Dopo la giusta overdose d’amor patrio per il compleanno dell’Italia lasciatemi ricordare il canto del cigno del Regno del sud. Come oggi, il 20 marzo di 150 anni fa, finì il sud come nazione, dopo sette secoli di vita tra luci e ombre. Finì nobilmente, a Civitella del Tronto, che era la Bolzano del sud, il suo estremo confine. Un assedio durato vari mesi delle truppe sardo-piemontesi, generali e soldati cambiati e raddoppiati per espugnare la fortezza borbonica.
Resistenza strenua, uno contro dieci. Un terribile bombardamento; solo negli ultimi due giorni 8mila proiettili scagliati da 20 cannoni. Capitolata Gaeta, il giovane Re Franceschiello esorta i suoi fedeli ad arrendersi, l’Italia unita già proclamata, le potenze europee non riconoscono lo Stato italiano se prima non cade il regno borbonico. Così a Civitella si consumò con disperata dignità il regno delle due Sicilie, sopravvissuto tre interminabili giorni allo Stato unitario.
A differenza della Padania, il regno del Sud è esistito davvero, e per secoli.
Sono stato a Civitella del Tronto l’altro giorno a ricordare l’Unità d’Italia e il luogo scelto dalla regione Abruzzo mi è parso appropriato per celebrare l’Italia ma anche per altre due ragioni, una civile e una sentimentale. La prima è unificare davvero l’Italia includendo anche coloro che in buona fede, rischiando la vita, difesero l’onore di un altro ma non meno nobile amor patrio. Saremo una nazione unita e civile quando riusciremo ad essere inclusivi delle memorie diverse e riconosceremo dignità alle storie avverse.

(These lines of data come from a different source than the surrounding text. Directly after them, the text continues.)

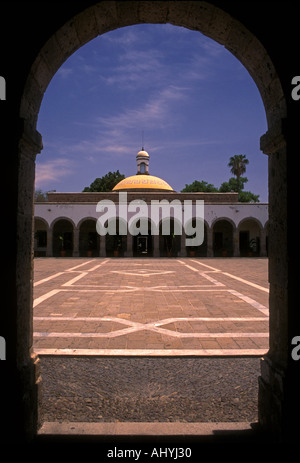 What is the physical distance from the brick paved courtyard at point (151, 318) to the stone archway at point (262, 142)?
2076 millimetres

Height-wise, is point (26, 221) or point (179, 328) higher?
point (26, 221)

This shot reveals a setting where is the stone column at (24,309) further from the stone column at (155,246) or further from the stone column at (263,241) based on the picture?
the stone column at (263,241)

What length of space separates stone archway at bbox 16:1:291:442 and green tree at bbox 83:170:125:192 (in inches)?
1574

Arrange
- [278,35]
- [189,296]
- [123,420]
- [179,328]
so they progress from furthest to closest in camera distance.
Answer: [189,296], [179,328], [123,420], [278,35]

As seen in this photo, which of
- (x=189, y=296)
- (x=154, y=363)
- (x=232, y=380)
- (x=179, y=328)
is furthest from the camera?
(x=189, y=296)

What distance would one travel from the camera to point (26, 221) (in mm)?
2600

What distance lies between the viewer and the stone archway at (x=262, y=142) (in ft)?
8.04

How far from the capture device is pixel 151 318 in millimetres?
6441

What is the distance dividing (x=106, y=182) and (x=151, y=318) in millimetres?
37930

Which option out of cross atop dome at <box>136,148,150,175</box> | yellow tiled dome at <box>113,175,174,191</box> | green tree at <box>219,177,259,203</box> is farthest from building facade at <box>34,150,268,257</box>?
green tree at <box>219,177,259,203</box>

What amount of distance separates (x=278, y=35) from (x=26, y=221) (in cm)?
263

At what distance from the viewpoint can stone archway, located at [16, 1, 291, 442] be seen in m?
2.45

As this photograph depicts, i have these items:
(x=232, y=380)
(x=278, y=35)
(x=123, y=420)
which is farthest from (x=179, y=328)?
(x=278, y=35) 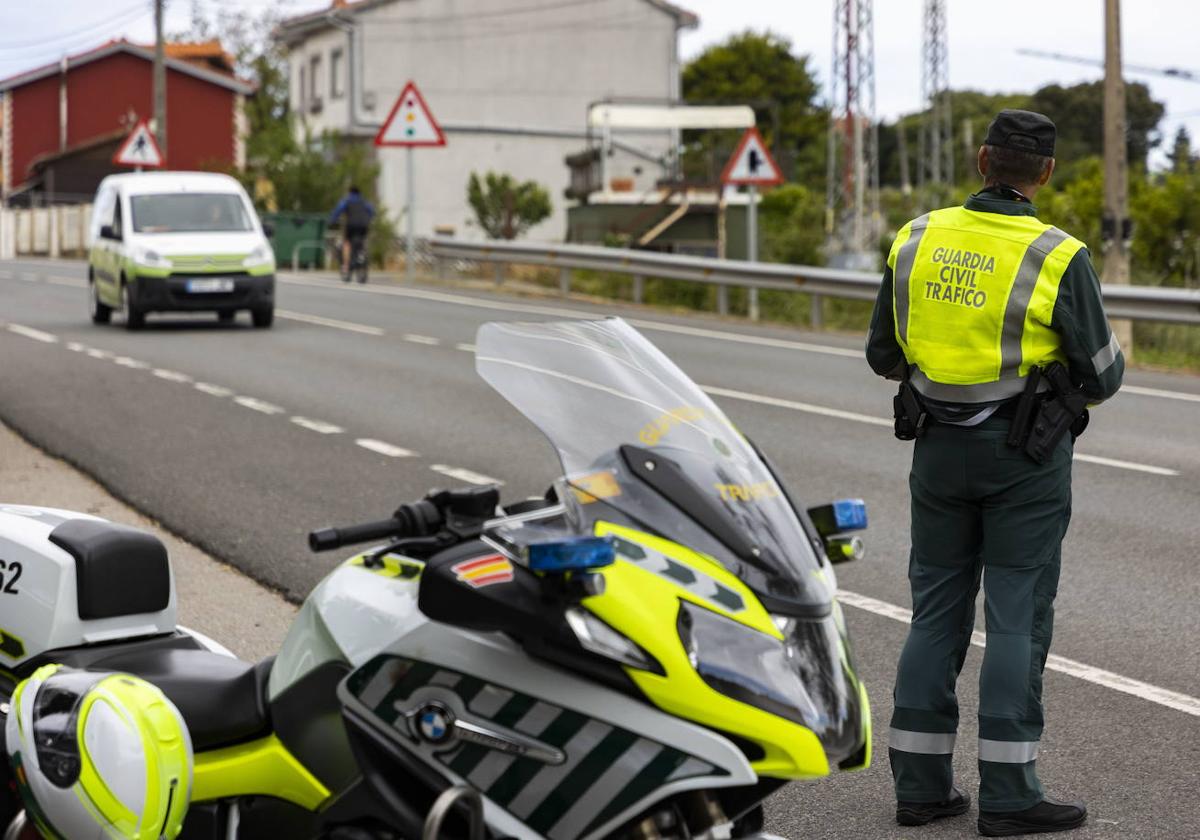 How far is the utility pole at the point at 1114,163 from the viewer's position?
2031 cm

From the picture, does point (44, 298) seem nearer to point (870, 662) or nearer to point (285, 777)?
point (870, 662)

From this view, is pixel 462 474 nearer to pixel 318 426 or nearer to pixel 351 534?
pixel 318 426

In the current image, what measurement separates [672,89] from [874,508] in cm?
5039

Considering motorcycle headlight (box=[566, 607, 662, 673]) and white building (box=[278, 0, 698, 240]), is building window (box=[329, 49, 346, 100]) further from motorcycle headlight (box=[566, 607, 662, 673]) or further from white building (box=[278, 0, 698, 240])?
motorcycle headlight (box=[566, 607, 662, 673])

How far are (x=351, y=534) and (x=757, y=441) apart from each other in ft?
28.3

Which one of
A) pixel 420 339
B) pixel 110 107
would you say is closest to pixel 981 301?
pixel 420 339

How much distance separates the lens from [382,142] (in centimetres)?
2588

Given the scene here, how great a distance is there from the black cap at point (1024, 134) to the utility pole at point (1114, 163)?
15.8 metres

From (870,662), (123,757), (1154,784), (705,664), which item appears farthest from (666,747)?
(870,662)

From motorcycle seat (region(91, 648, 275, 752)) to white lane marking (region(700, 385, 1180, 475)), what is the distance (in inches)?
317

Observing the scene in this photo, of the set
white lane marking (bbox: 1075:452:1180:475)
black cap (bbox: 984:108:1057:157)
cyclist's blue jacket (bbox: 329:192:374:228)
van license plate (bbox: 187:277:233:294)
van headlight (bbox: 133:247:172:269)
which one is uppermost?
cyclist's blue jacket (bbox: 329:192:374:228)

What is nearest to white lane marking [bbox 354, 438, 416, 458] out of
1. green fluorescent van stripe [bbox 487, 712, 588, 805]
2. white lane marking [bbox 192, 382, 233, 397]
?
white lane marking [bbox 192, 382, 233, 397]

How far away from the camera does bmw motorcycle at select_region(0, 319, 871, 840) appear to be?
284 cm

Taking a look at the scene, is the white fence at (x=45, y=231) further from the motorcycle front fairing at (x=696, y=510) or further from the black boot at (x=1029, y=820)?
the motorcycle front fairing at (x=696, y=510) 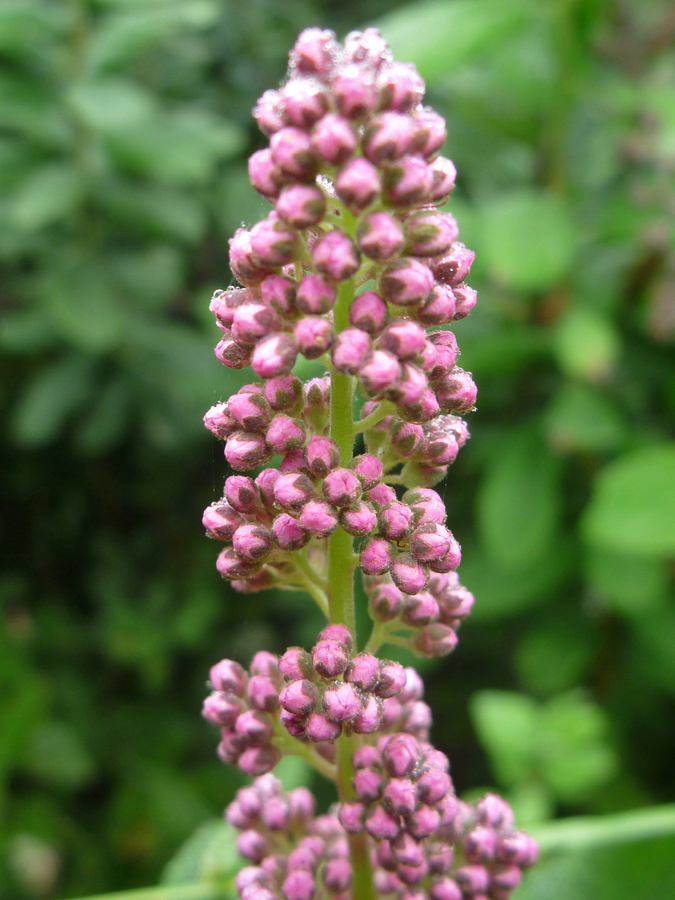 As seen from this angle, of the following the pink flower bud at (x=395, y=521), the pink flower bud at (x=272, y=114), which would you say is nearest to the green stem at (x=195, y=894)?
the pink flower bud at (x=395, y=521)

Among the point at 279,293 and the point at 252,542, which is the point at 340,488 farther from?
the point at 279,293

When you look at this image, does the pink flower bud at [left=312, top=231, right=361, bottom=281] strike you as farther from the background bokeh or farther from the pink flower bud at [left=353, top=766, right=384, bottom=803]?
the background bokeh

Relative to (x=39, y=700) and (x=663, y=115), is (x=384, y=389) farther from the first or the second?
(x=39, y=700)

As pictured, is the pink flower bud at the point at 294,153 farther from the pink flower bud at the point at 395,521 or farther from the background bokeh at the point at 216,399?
the background bokeh at the point at 216,399

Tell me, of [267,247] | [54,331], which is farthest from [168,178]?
[267,247]

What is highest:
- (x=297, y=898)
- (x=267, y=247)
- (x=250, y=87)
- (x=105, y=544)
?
(x=250, y=87)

La seconda motivazione è il rispetto - e forse il debole - per i vinti, che nutro da sempre. La nobiltà della sconfitta, il fascino dei perdenti, il bianco sole dei vinti, la bellezza dei congedi eroici e la poesia delle difese disperate, la nostalgia dei cieli e delle terre perduti. Come dicevano gli hidalgos venuti a sud, la sconfitta è il blasone dell’anima ben nata.